In the discharge of its functions under this Act, the National Housing  Bank
shall be guided by such directions in matters  of  policy  involving  public
interest as the Central government, in consultation with the  Reserve  Bank,
or the Reserve Bank, may give in writing.

      We are informed at the bar by the learned counsel  appearing  for  the
Reserve Bank of India  that  there  are  some  49  entities  (we  doubt  the
accuracy of the statement but it does  not  make  any  difference  for  this
decision on hand), such as, 18  State  Financial  Corporations,  Exim  Bank,
National Housing Bank, NABARD etc., which fall within the definition of  the
expression "bank" or "financial institution" as defined under  the  SARFAESI
Act which fall within the sweep of Section 2(1)(o)(a) of the said Act.
[20]   The Basle Committee on Banking Regulations and Supervisory  Practices
appointed by the Bank of  International  Settlements  (BIS)  has  prescribed
certain capital adequacy standards to be followed by  commercial  banks  and
these standards have been accepted for implementation by several  countries.
 The BIS standard, as it  is  popularly  known,  seeks  to  measure  capital
adequacy  as  the  ratio  of  capital  to  risk  weighted  assets.   It  has
prescribed weightages for  different  categories  of  assets  which  include
certain off-balance sheet items as well.  The Committee believes that it  is
necessary that banks in India also conform to these standards  in  a  phased
manner. [See:  Capital  Adequacy,  Accounting  Policies  and  Other  Related
Matters, Report of the Committee on the Financial  System  (November  1991),
Ch.V page 51]
[21]    Section 45-I(f) ''non-banking financial company'' means-
      (i)   a financial institution which is a company;
      (ii)  a non-banking institution which is a company and  which  has  as
its principal business the  receiving  of  deposits,  under  any  scheme  or
arrangement or in any other manner, or lending in any manner;
      (iii)       such  other  non-banking  institution  or  class  of  such
institutions, as the Bank may, with the previous  approval  of  the  Central
Government and by notification in the Official Gazette, specify.

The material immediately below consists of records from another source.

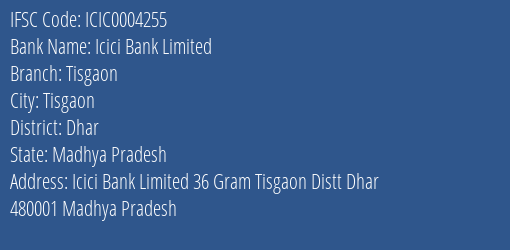 Icici Bank Tisgaon Branch Dhar IFSC Code ICIC0004255
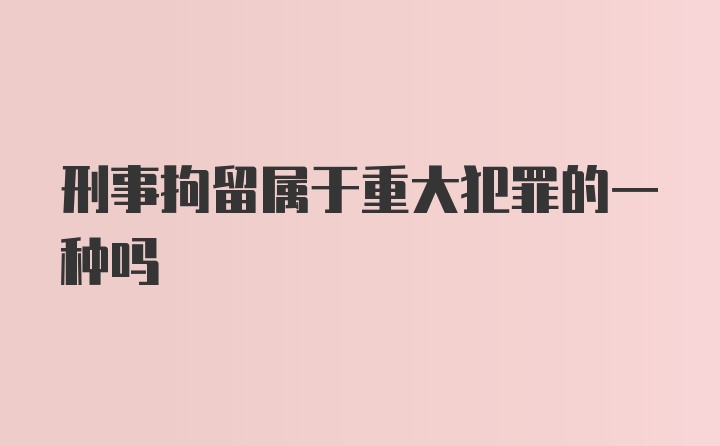 刑事拘留属于重大犯罪的一种吗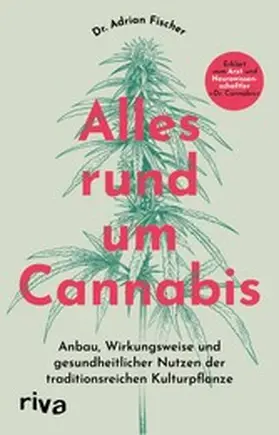 Fischer |  Alles rund um Cannabis | eBook | Sack Fachmedien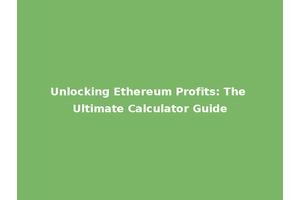 Unlocking Ethereum Profits: The Ultimate Calculator Guide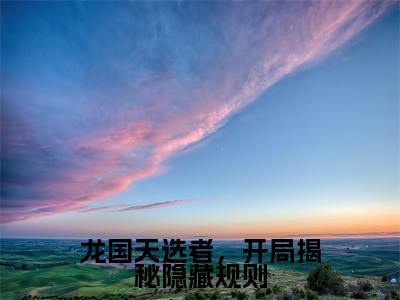 田麦许方txt（龙国天选者，开局揭秘隐藏规则）全文免费阅读无弹窗大结局_田麦许方最新章节列表_笔趣阁（龙国天选者，开局揭秘隐藏规则）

[22]   "39. The Guidelines issued by RBI dated 13.7.2005  itself  authorizes
the banks to deal inter se in NPAs.  These guidelines have  been  issued  by
the regulator in exercise of the powers conferred by Sections  21  and  35-A
of the Act.   ......................  All this comes  within  the  ambit  of
Section 21 which enables RBI to frame the policy in relation to advances  to
be followed by the banking companies under Section 21(2).  These  guidelines
and directions following them have a statutory force."

[23]   Section 2(1) (j) "default" means non-payment of  any  principal  debt
or interest thereon or any  other  amount  payable  by  a  borrower  to  any
secured creditor consequent upon which  the  account  of  such  borrower  is
classified as non-performing asset in the books of account  of  the  secured
creditor ;

[24]   Section 13(3A). If, on receipt of the notice under  sub-section  (2),
the borrower makes any representation or raises any objection,  the  secured
creditor shall consider such representation or objection and if the  secured
creditor comes to the conclusion that such representation  or  objection  is
not acceptable or tenable, he  shall  communicate  within  fifteen  days  of
receipt of such representation or objection the reasons  for  non-acceptance
of the representation or objection to the borrower.

      Provided that the reasons so communicated or the likely action of  the
secured creditor at the stage of communication of reasons shall  not  confer
any right upon the borrower to prefer an application to the  Debts  Recovery
Tribunal under section 17 or the Court of District Judge under section 17A.